I work in the defense industry and, to some extent, I'm proud of what I do. I'd be fucking crazy to actually like war, however -- hell, as someone who's involved in this stuff, I feel it's pretty much my
duty to be very critical and skeptical of all elements of warfare (and culturally knowledgeable about it, too).
As far as this thread goes, I think you're flat-out wrong on most points.
Military spending doesn't feed the economy more so than any other kind of spending does. If we all got together and decided to make a space elevator or robot helpers for the elderly or the world's biggest quilt, that would create jobs and consume resources, too. But not all of those things would necessarily be a good use of resources, capital, or labor. Neither does building a bunch of shiny planes, necessarily. There's some truth to the Keynesian belief that just having money move around is better than just hiding it somewhere, but you've much better off spending it on stuff that's actually worthwhile itself rather than just funneling it into a bunch of shiny planes that sit unused somewhere (either unused because you're not fighting a war or, as is the case now, unused because the planes aren't much help to a squad of 19-year-olds going house-to-house on foot in Fallujah).

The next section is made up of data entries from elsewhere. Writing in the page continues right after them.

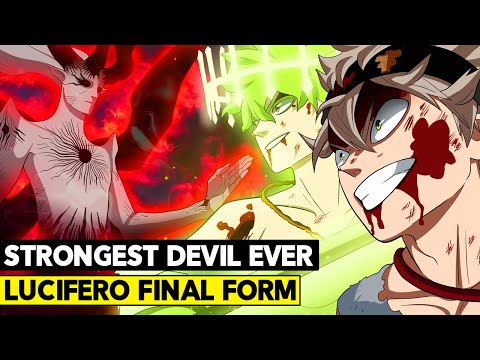 THIS IS PEAK BLACK CLOVER! ASTA VS FINAL FORM LUCIFERO - Black Clover Chapter 324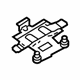 Volkswagen 7L0-919-288 Control Module Bracket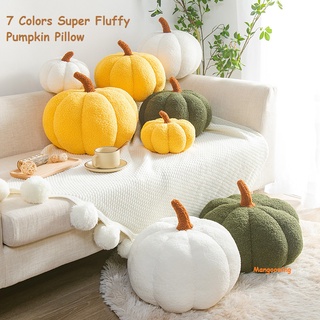 Gối Đệm Tựa Lưng 7 Màu Sắc Sống Động Hình Bí Ngô Sống Động Trang Trí Nhà Cửa/Sofa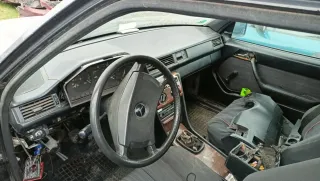  Полка под руль Mercedes E W124 Арт G028-212, вид 1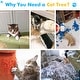 preview thumbnail 42 of 100, EROMMY Cat Tree – Multi-Level Cat Tower with Sisal Scratching Posts & Swing Ball, Modern Cat Furniture for Indoor Cats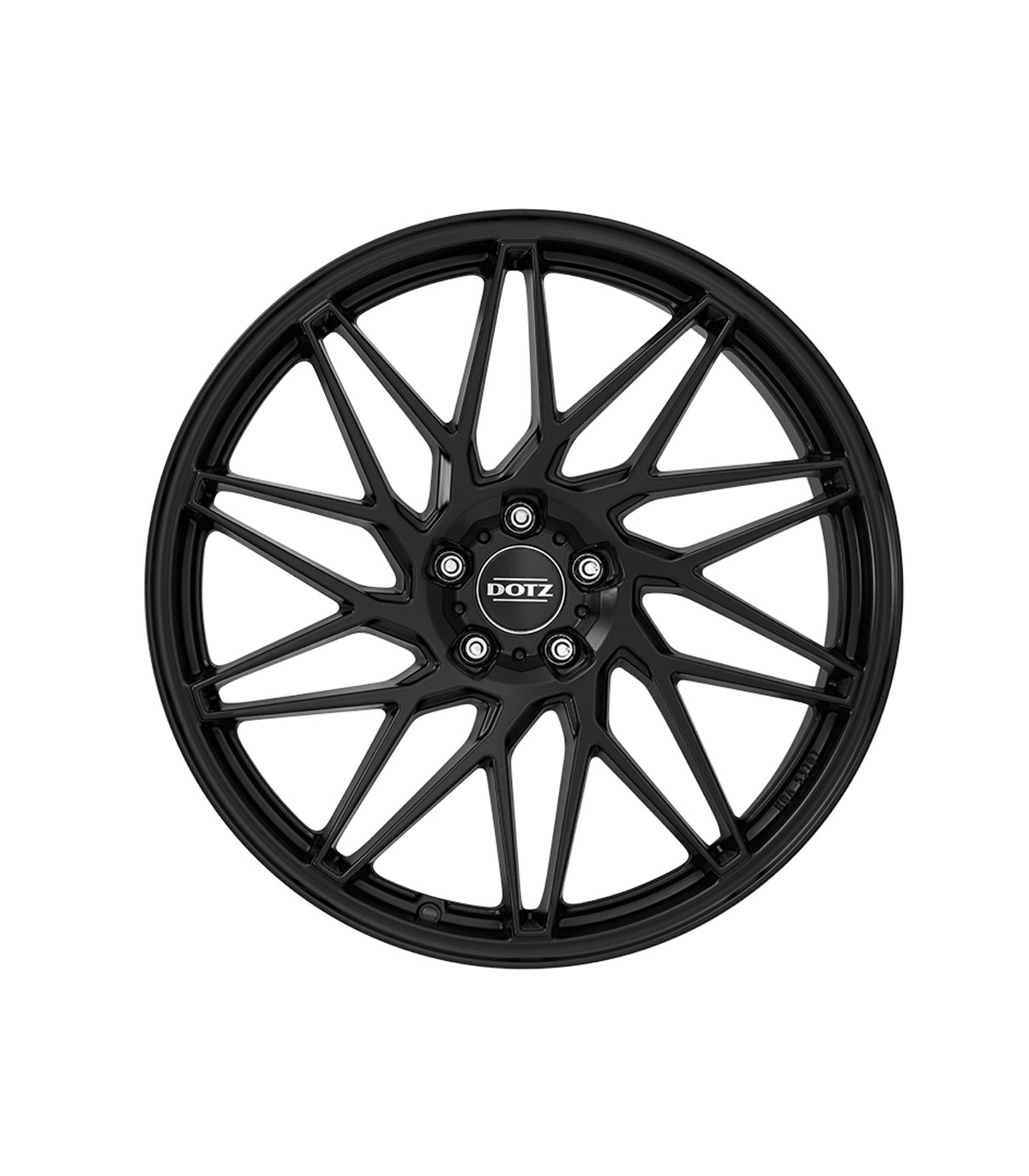 DOTZ Tanaka 9.0x20 5x108 ET40 Black matt Felgen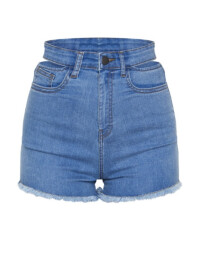 PANTALONI SCURȚI DECUPAȚI 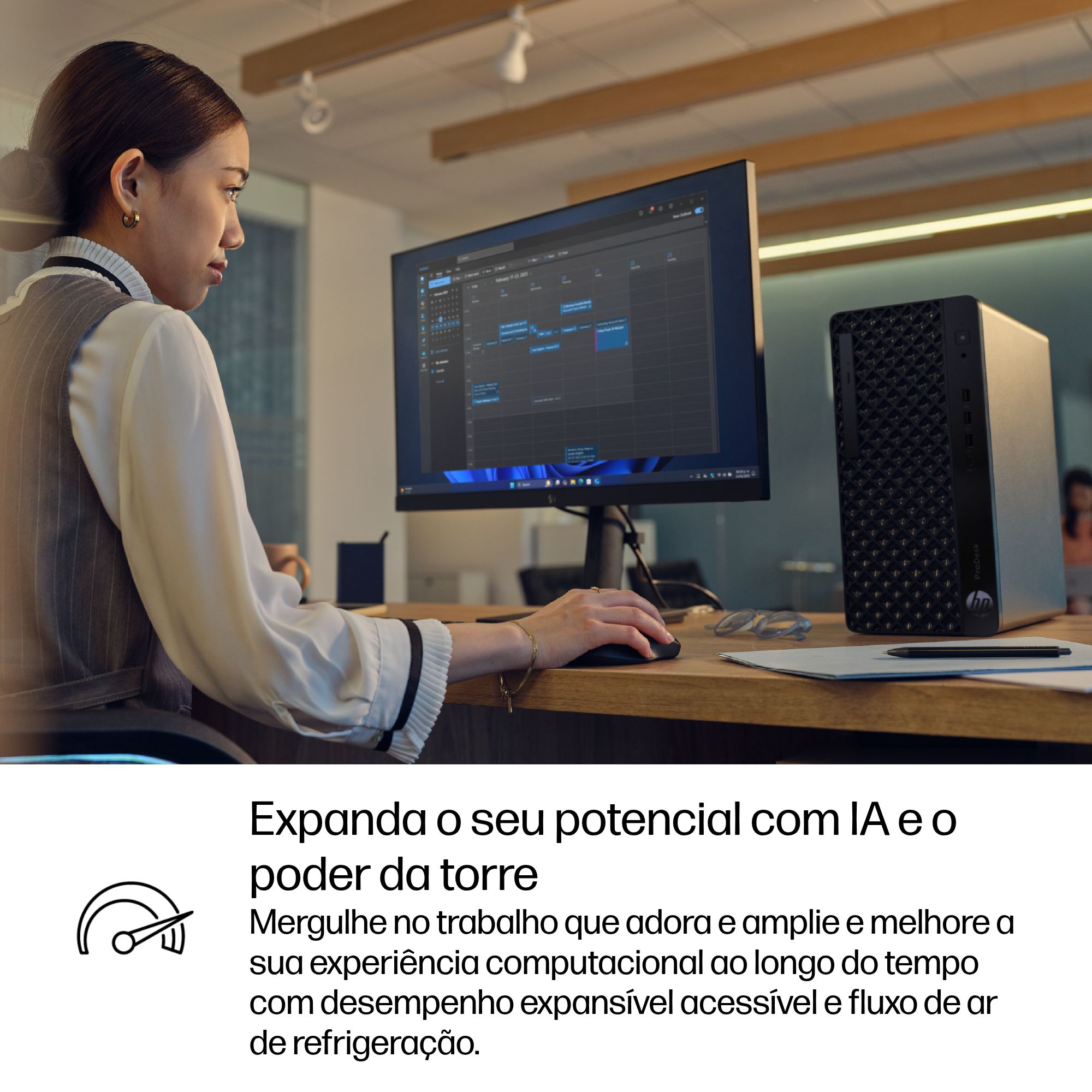 HP ProDesk 4 Tower G1i Desktop AI PC — miniatura 10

And having a war just so that you can use those shiny planes? That's damn stupid. It's just hyper-naive "broken window" economics (destroying shit doesn't stimulate economic growth, it just pulls money from other areas to replace it), except we're paying the price in human lives rather than just broken glass.
The "national pride and unity" thing? That's the worst. War turns a country's culture into a pale and hollow imitation of itself. The most diverse and nuanced elements are cast off or suppressed because they don't fit into the simplistic and artificial hero-myths that keep the nation engaged and willing to fight. Folks on the "homefront" like this stuff because moral certitude and a feeling of purposeful are deeply comforting. And, no, I'm not just talking about propaganda here; I'm talking about something far more pernicious -- self-deception. Go read (former war journalist) Chris Hedges'
War Is a Force That Gives Us Meaning for a truly excellent polemic about all this stuff.
Potential economic growth at the expense of lots of wasted resources and lost lives? Not worth it.
National pride at the expense of a nation's real history and real culture? Not worth it.
National unity at the expense of national conscience? No way in hell is that a worthwhile trade.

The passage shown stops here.